Para provar isso, durante a Conferência, será divulgado, além de uma seleção de startups reconhecidas pelo seu propósito consciente, o estudo “Empresas Humanizadas Brasil”, realizado com 22 empresas que apresentaram crescimento 6 vezes maior do que média de mil empresas brasileiras.

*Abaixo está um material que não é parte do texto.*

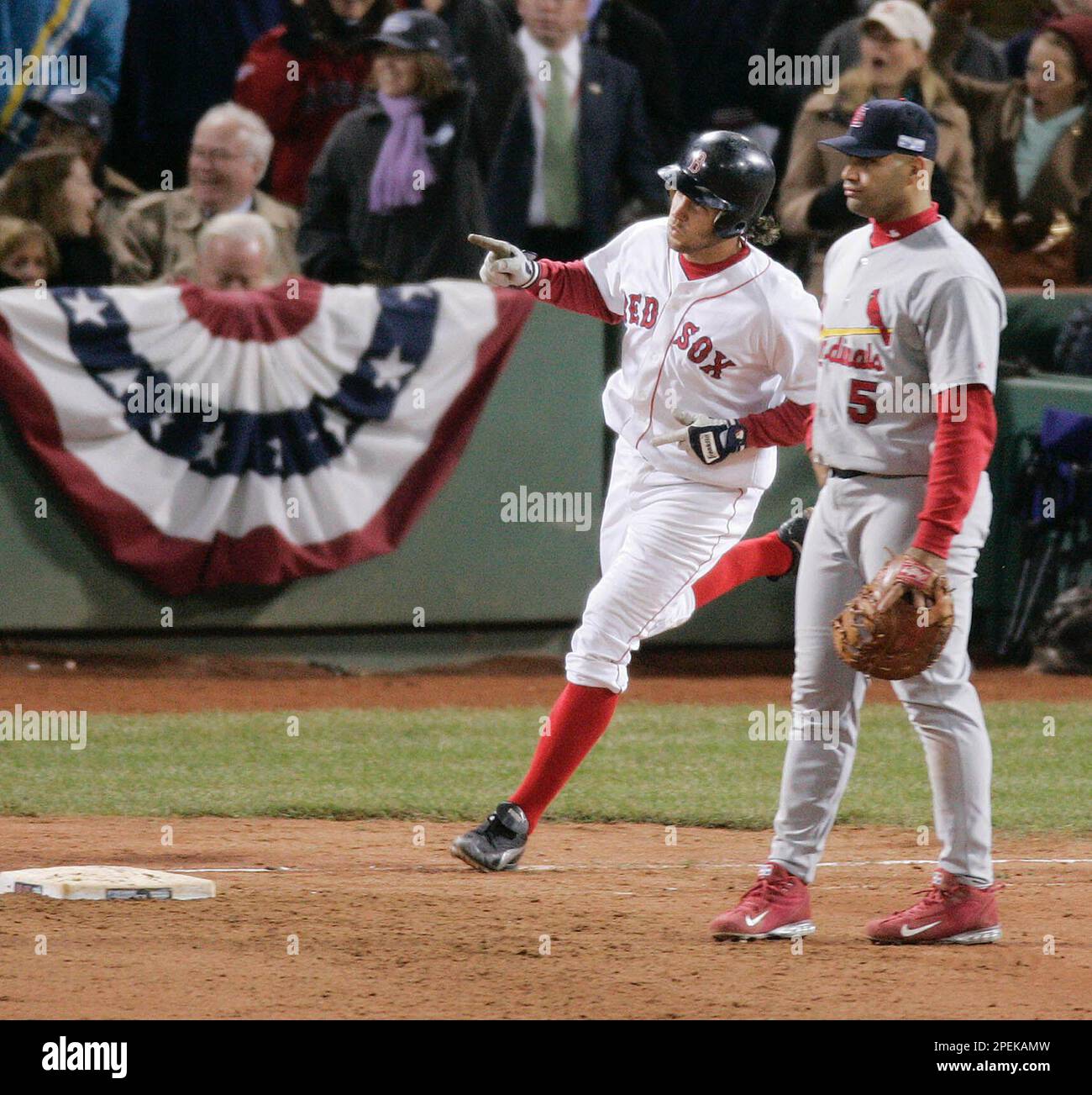 Boston Red Sox's Mark Bellhorn (12) tags out Chicago Cubs' Aramis Ramirez  (16) after he tried to strech a single into a double. The Chicago Cubs  defeated the Boston Red Sox 14-6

O evento contará com 48 palestras, que abordarão exemplos, troca de experiências e exercícios práticos, pensadas para uma audiência ampla, de empreendedores a estudantes, com a expectativa de receber um público de 500 participantes. Entre os palestrantes estão Raj Sisodia, cofundador do movimento Capitalismo Consciente; Alexander McCobin, CEO do Conscious Capitalism; Alexandre Costa, fundador e CEO da Cacau Show; Luiza Helena Trajano, presidente do conselho da Magazine Luiza; e Hugo Bethlem, diretor geral do Instituto Capitalismo Consciente Brasil.
Leia abaixo à conversa com Hugo Bethlem.
Época NEGÓCIOS: Quem se interessa mais por esse modelo de capitalismo?
Hugo Bethlem: Capitalismo consciente é um jornada em que o líder precisa ter vontade de mudar. Enquanto o líder não despertar a necessidade de mudança, a empresa não vai despertar para a dela. Por causa das novas gerações, as startups chegam com mais vontade de começar certo. Empresas de 50 e 70 anos nasceram dessa maneira também, já tiveram esse propósito de um indivíduo querer cuidar da dor de muitos, só que foram ao longo do tempo perdendo sua trajetória, mas é possível reverter. Um dos nossos palestrantes é Gustavo Werneck, CEO da Gerdau, empresa centenária, e a gestão dele parou para redefinir o seu propósito.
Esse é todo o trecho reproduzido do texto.